Introduction

About 25% of all solid abdominal organs have splenic damage following blunt abdominal injuries. The thin capsule and fragile structure of the spleen make marsilpiazation difficult [1]. However, after the procedure and splenic removal, the immunization became impaired, making the patients more susceptible to post-splenectomy infection [2]. Because of the fatality rate of 7–18%, splenic transplantation is the best option for preventing immune changes[3]. In the past (1946), splenic slices were implanted in the omentum [4]. Still, this procedure had several postoperative complications such as infection, intestinal obstruction, and bleeding minor trauma that disappeared because of other technical methods advancements[5]. In 1977, it was reported that non-operational management (NOM) was the best choice for preserving immunological functions [6]. We just published a new method for preserving the health of a single transplanted piece of splenic tissue. This transplant was done in the spleen’s natural position, avoiding all the problems with earlier procedures that had to do with the quantity and positioning of the slices that were being transplanted. According to the preliminary report, this technique is problem-free [7].
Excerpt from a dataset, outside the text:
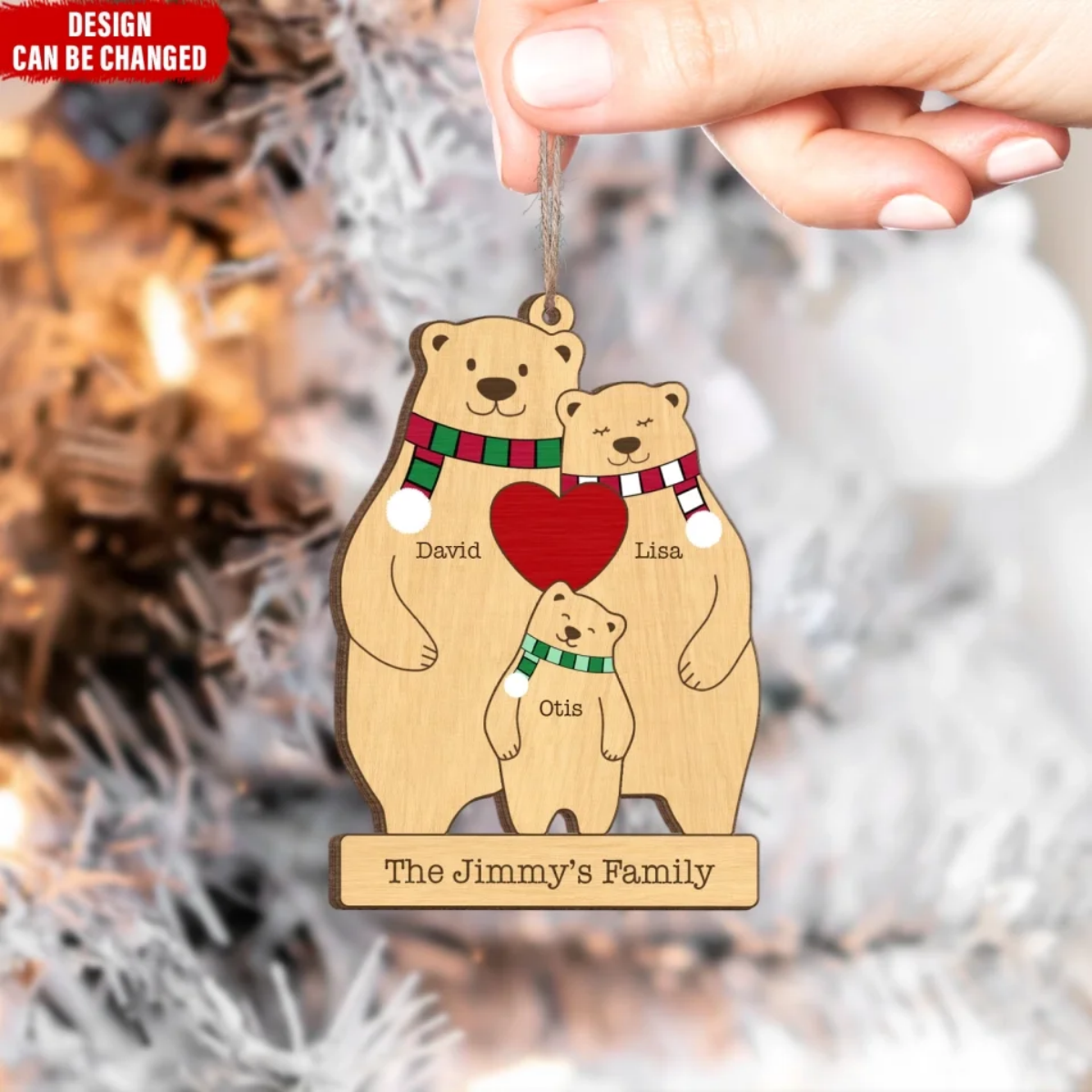 Family Wooden Hug Bears Personalized Wooden Ornament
Although there are apparent advantages of NOM (with or without AE) in terms of avoiding splenectomy and complications associated with a laparotomy, there are numerous possible disadvantages to NOM. These include its costs and morbidities, the fact that it is not always technically feasible or successful, the need for strict patient behaviour and close expert monitoring, the fact that it does not completely prevent delayed splenic rupture or haemorrhage, and the constant availability of an operating room and operative team [4].

Blunt or penetrating splenic injury requiring surgical exploration for diaphragmatic or hollow-viscus injuries, high-grade blunt splenic injury with unavailable, contraindicated, unfeasible, or unsuccessful NOM and AE, and all complications following AE such as pseudoaneurysms, splenic infarction or abscess, and delayed rupture are all indications for splenectomy in hemodynamically normal patients. NOM is not recommended for patients who are unable or unable to adhere to the rigorous NOM conduct and activity limits (e.g., mentally challenged, homeless, self-employed, professional sports), as well as those who have an inaccurate examination, generally due to concomitant injuries and intubation [5].

Materials and methods

An analysis of the materials and techniques was done Between 2020 and 2023; the Department of Surgery at Zagzig University studied 6 cases (group A) that underwent splenectomy autotransplantation. This study was contrasted with (group B), which involved six patients who underwent splenectomy without autotransplantation, and (group C), which included seven physically fit individuals.

General and surgical data

After patients gave their permission, data on age, sex, complications, indications for splenectomy, and degree of splenic trauma according to the Association of Surgeons Trauma (ASST) [8], blood loss, operation time, length of hospital stay, postoperative complications, lab work, and platelet counts were calculated for both groups. All patients approved and accepted the use of their medical records for research, according to the 1969 Declaration of Helsinki.

Personal integrity and physical health for group A.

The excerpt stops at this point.